Il y a trois types de prostitution dans le Quartier Réservé : les maisons closes de luxe, raffinées, avec salon japonais ou Louis XVI, lieux fréquentés par nombre d'artistes et d'hommes politiques. Et qui se distinguent par de grands panneaux extérieurs, des enseignes. Les bordels classiques sont déjà la classe en dessous forcément. Et puis il y a enfin les magasins de passe : des chambres donnant directement sur la rue, de deux mètres sur trois, devant laquelle la "propriétaire" attend le client, sur une chaise. On en comptait un tous les sept mètres rue Bouterie.
Bref, le commerce est organisé et tourne à merveille. Bien entendu, quand l'argent coule, la voyoucratie n'est jamais loin. Et les maquereaux, les proxénètes vont s'installer durablement dans le paysage. Avant que le trafic de drogue ne s'internationalise, c'est dont "le pain de fesse " qui va rapporter gros. Des Corses, ayant fui la misère de leur île, vont ainsi prospérer. Paul Carbone, coéquipier de Spirito, évidemment. Mais aussi François Albertini dit François le fou, les frères Antonetti ses amis, Hilaire Peri, Toussaint Landi, Antoine Rogliano, Paul Lucchini, Antoine Terrazzoni... ils se retrouveront en "concurrence" parfois avec des Italiens parfois avec des souteneurs africains. Et tout cela finira dans le sang des armes de poing qui remplacent petit à petit les couteaux.
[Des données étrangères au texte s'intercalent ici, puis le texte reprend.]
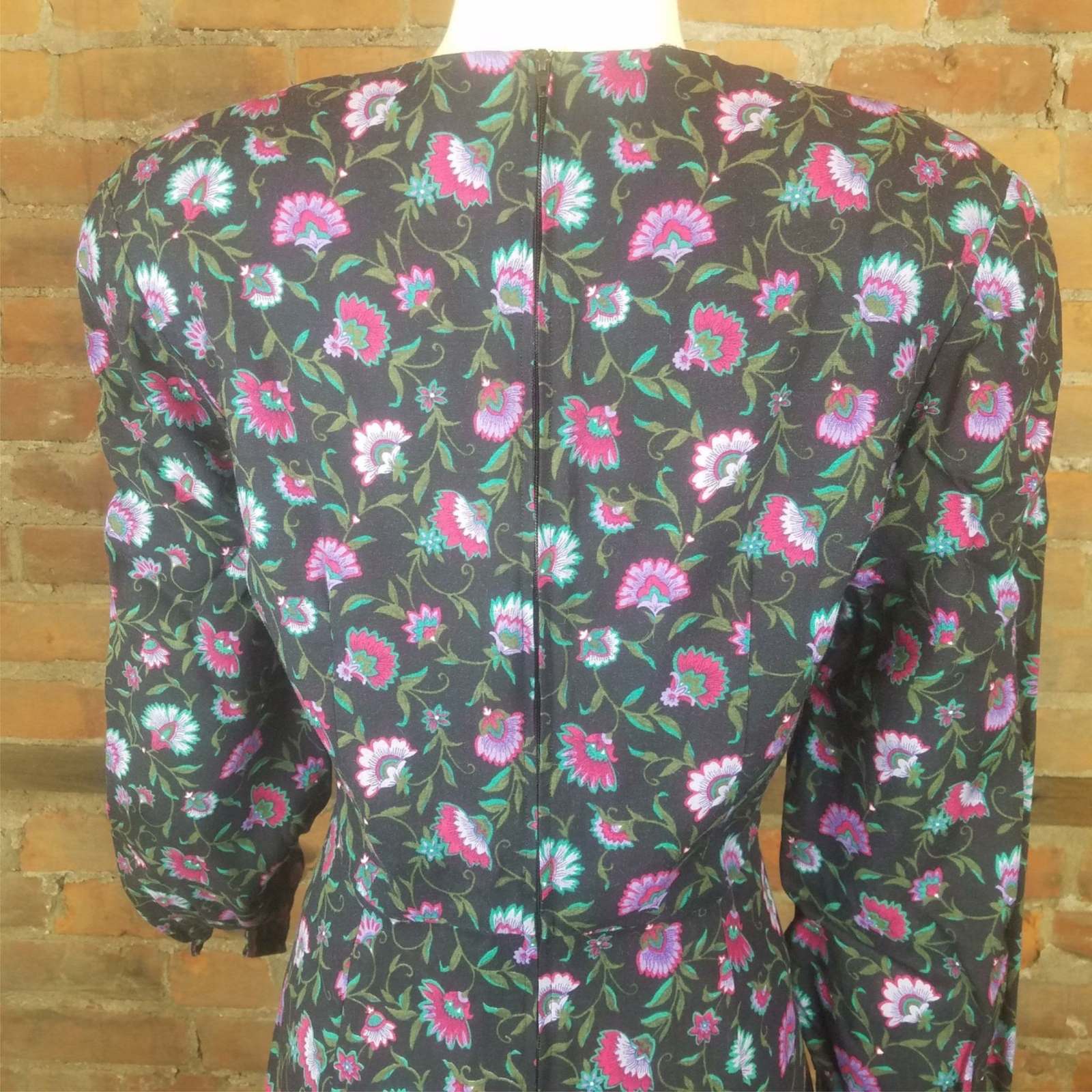 Vintage Dress Midi Black Floral Red Green Lilac Print Long Sleeves Sz M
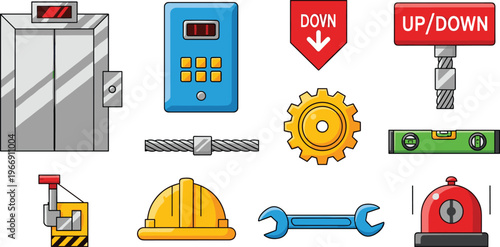 Elevator Control System Vector Icons Set with Gear, Button, and Warning Signals for Mechanical Engineering and Industrial Applications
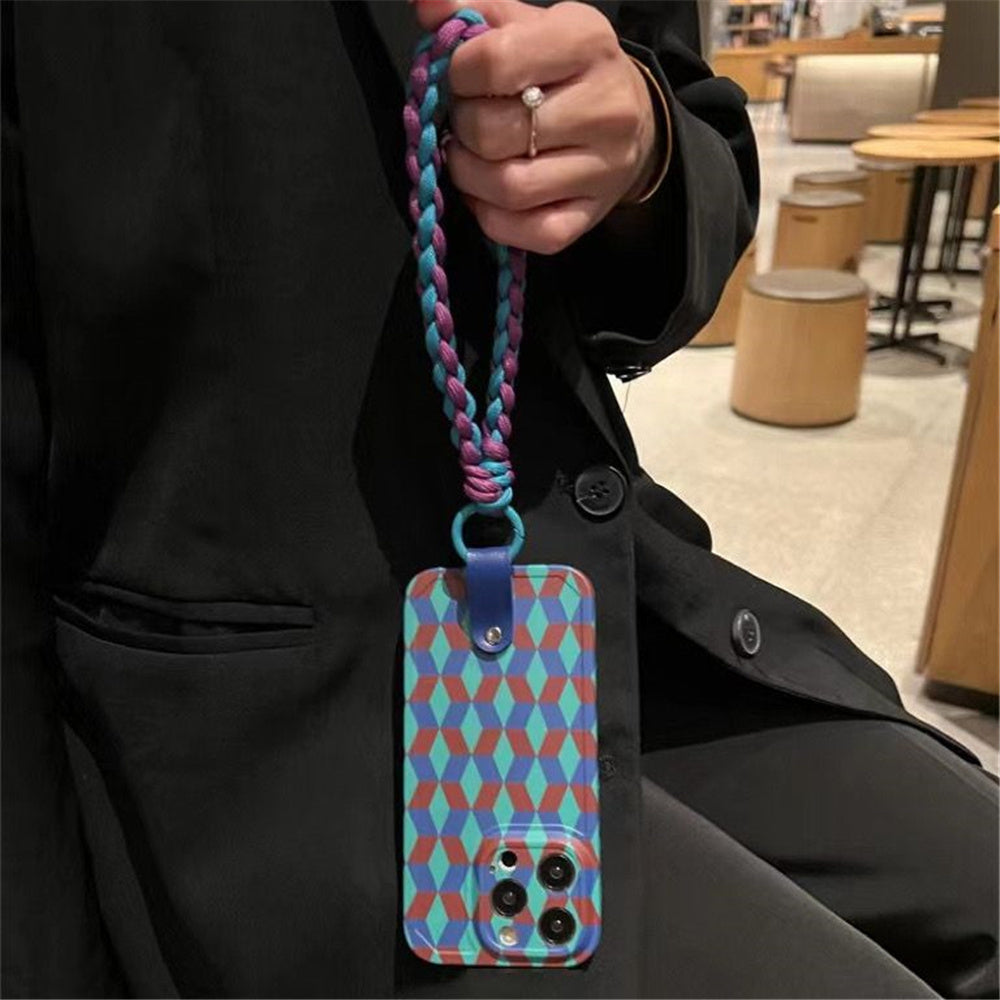 For iPhone 12 Pro Max Shockproof Phone Cover Splicing Rhombus Pattern TPU Phone Case with Wrist Strap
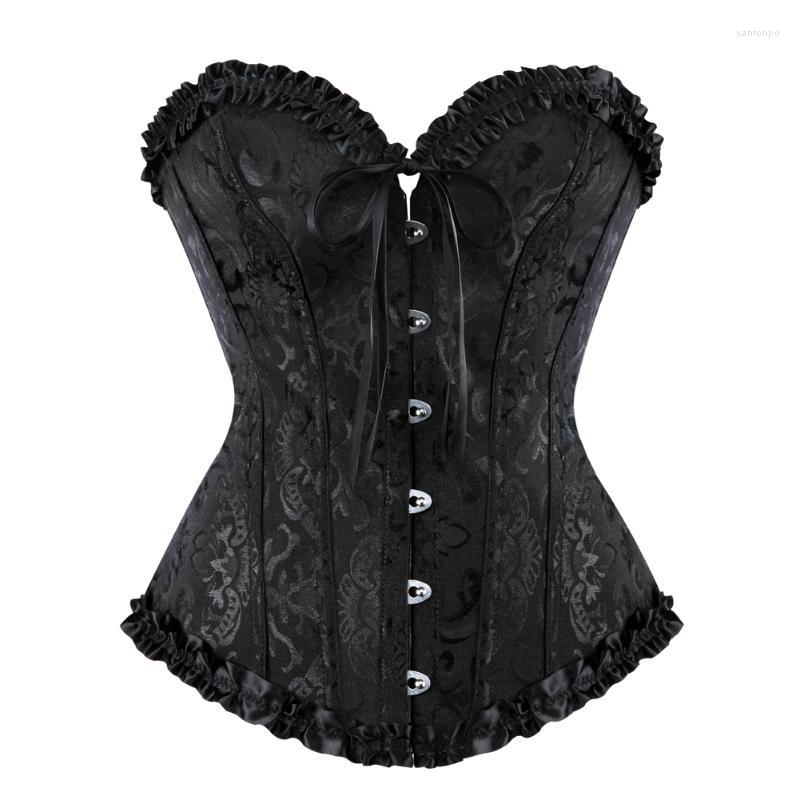 

Bustiers & Corsets Corselet For Women Steampunk Plus Size Burlesque Dress With Skirt Costumes Vintage Striped Lace Up Corset Bustier ShaperB, Black
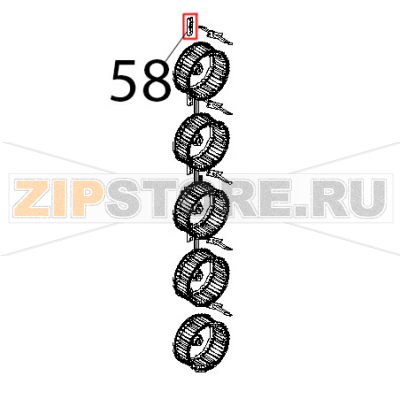 Guarnizione res. 70x22x0.8 Unox XBC 905 Guarnizione res. 70x22x0.8 Unox XBC 905Запчасть на деталировке под номером: 58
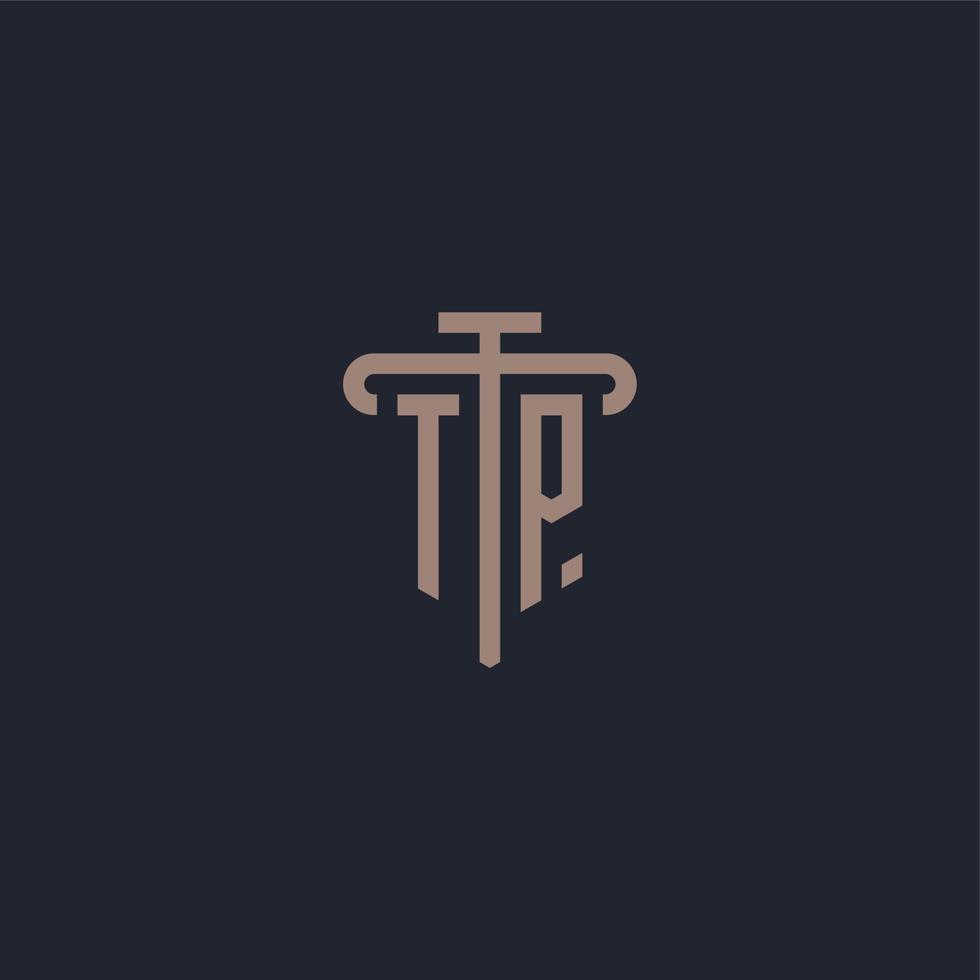 tp eerste logo monogram met pilaar pictogram ontwerp vector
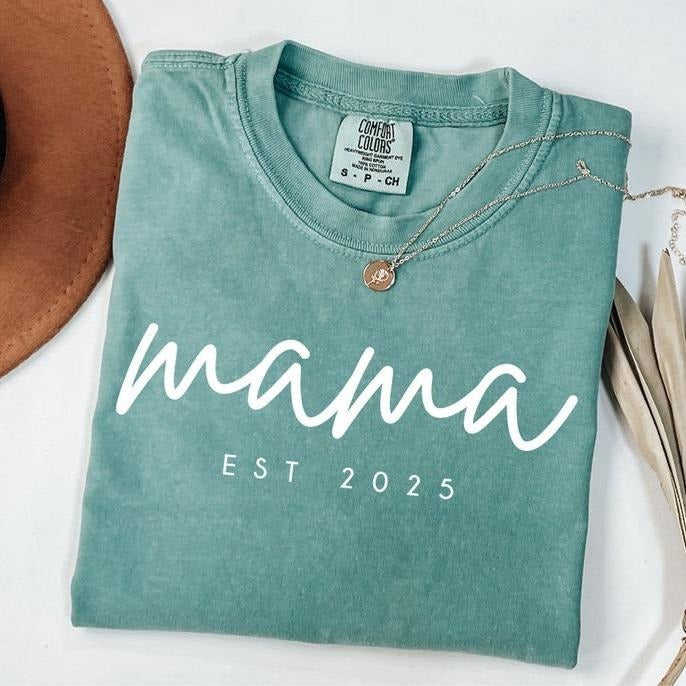 Comfort Colors Mama Est Year Shirt, Mothers Day Gift For Mom, Custom Mama T-Shirt, Pregnancy Announcement, Unique Mom Gift, Mom Birthday Gift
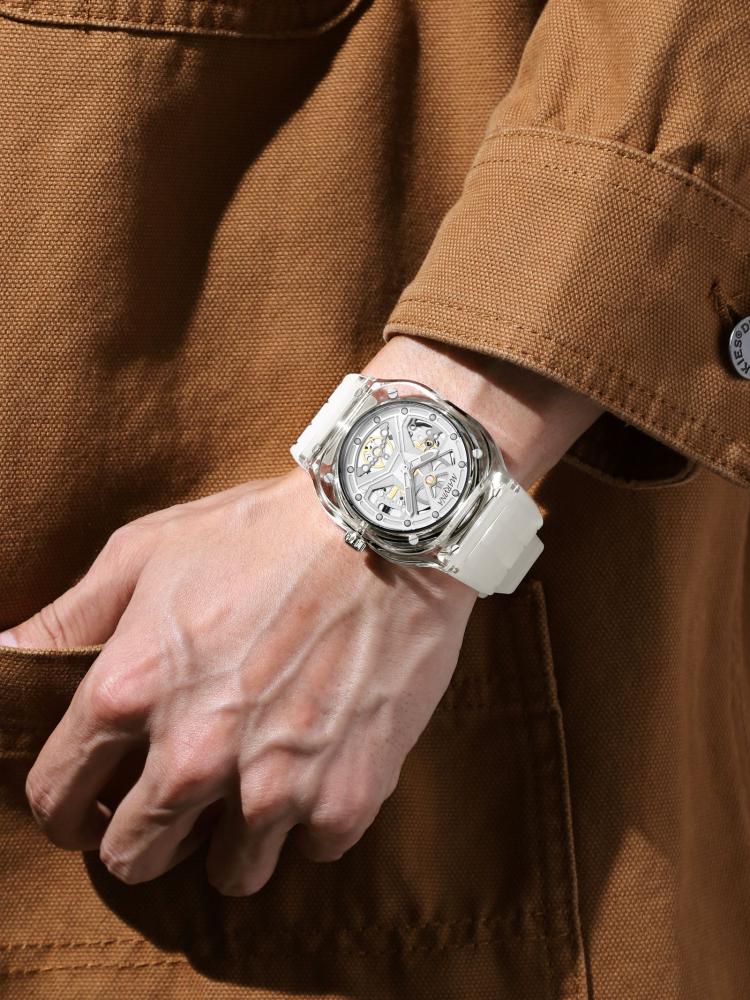 Marvina men's transparent white watch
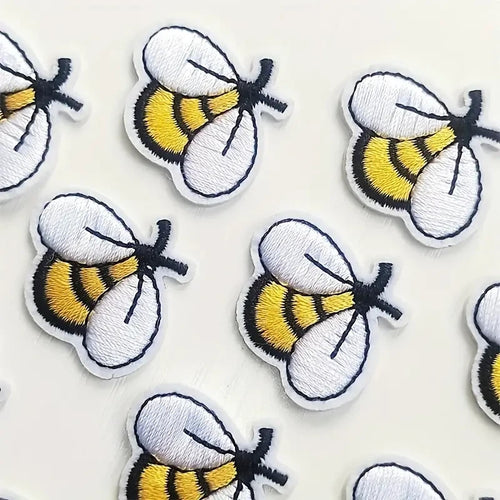 10 x Bee Iron On Patches Bumble Bee Iron On Patches Embroidered Patch - 10 Pack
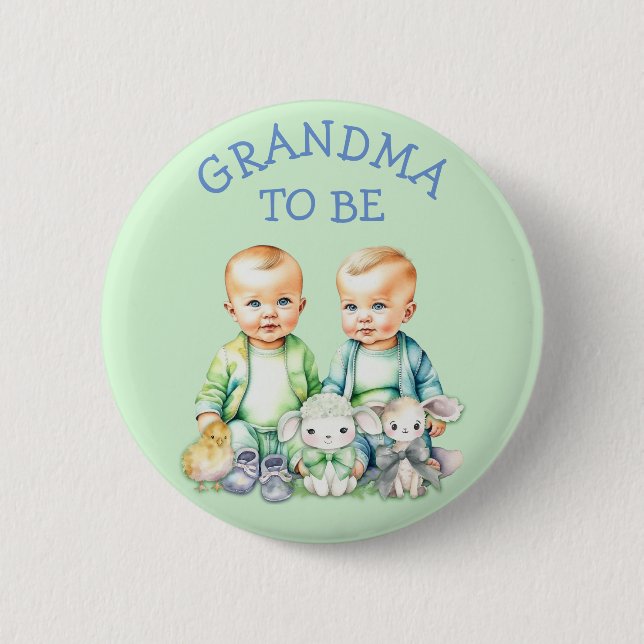 Personalised Grandma to be Twins Baby Shower   6 Cm Round Badge (Front)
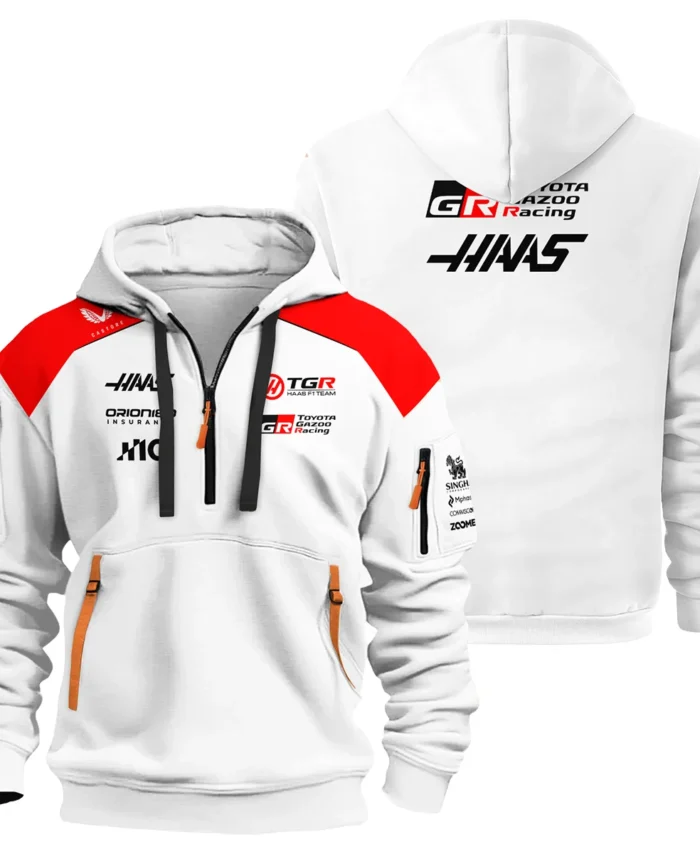 2026 Haas F1 Teamwear Hoodie Half Zip BLVAHAAS9226A2HDF - White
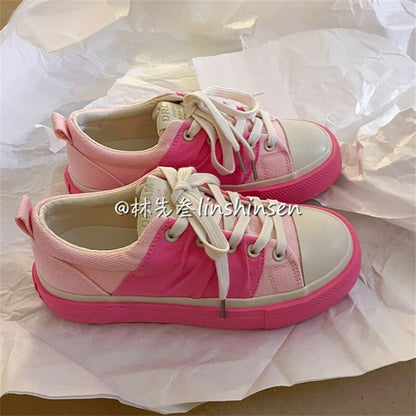 xiangtuibao Canvas Sneakers Woman Vulcanized Shoes Platform Sneakers Women Lace Up Pink Flats Sneakers Ladies Spring Autumn Sports Shoes INS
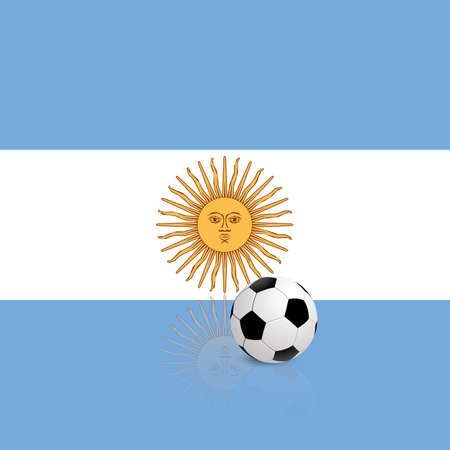 Abstract Argentina flag with a soccer ballのイラスト素材
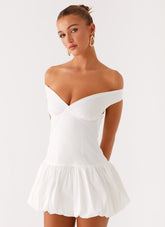 Endless Romance Off Shoulder Mini Dress - White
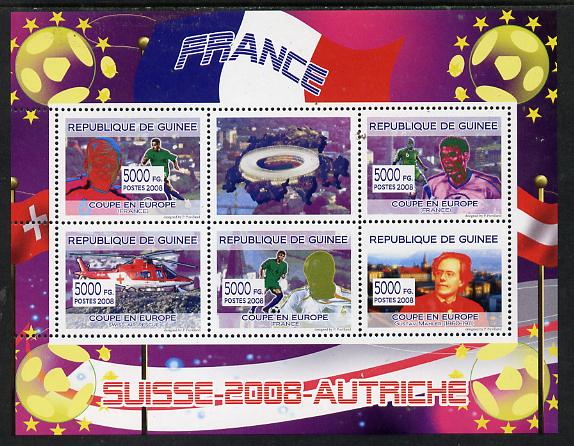 Guinea - Conakry 2008 European Football Championship - France perf sheetlet containing 5 values plus label unmounted mint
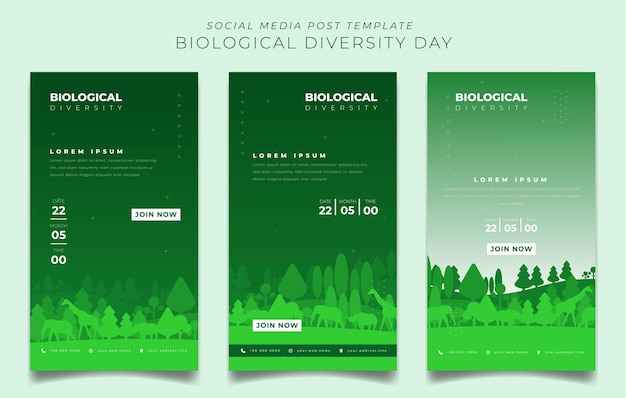 Set of portrait social media template with green landscape background for biodiversity day design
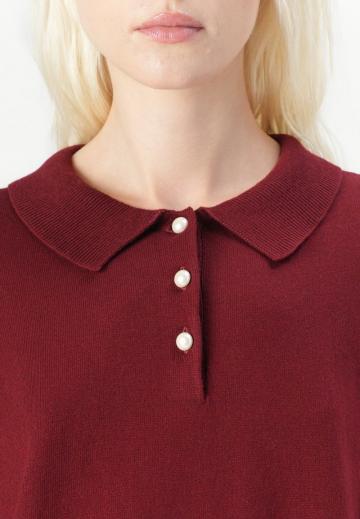 Пуловер с воротником поло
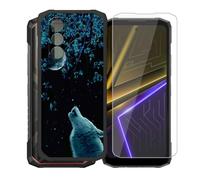 AQGGIIXY Custodia Nera e Vetro per Doogee Blade 20 Plus - W1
Le livre de Martin Huc est formidable tant il donne à voir l'évolution, terrible, d'une société, comme un accélérateur. Il y a ses femmes mises, la plupart du temps mais pas exclusivement, de force sur le trottoir, il y a le mélange des nations entre ces quinze rues, les odeurs pestilentielles qui se dégagent depuis la halle aux poissons et les ordures jetées par la fenêtre, mais aussi les premières notes de jazz et cette cohorte d'artistes venus chercher un peu de folie : que ce soit Simone de Beauvoir, Gustave Flaubert (qui s'y fait dépuceler), Jean Genet (qui s'y prostitue), Man Ray, Céline, Albert Londres, Antonin Artaud, Jean Cocteau et d'autres. Un quartier-monde, envers un brin crasseux du Montmartre parisien. Marseille, quoi !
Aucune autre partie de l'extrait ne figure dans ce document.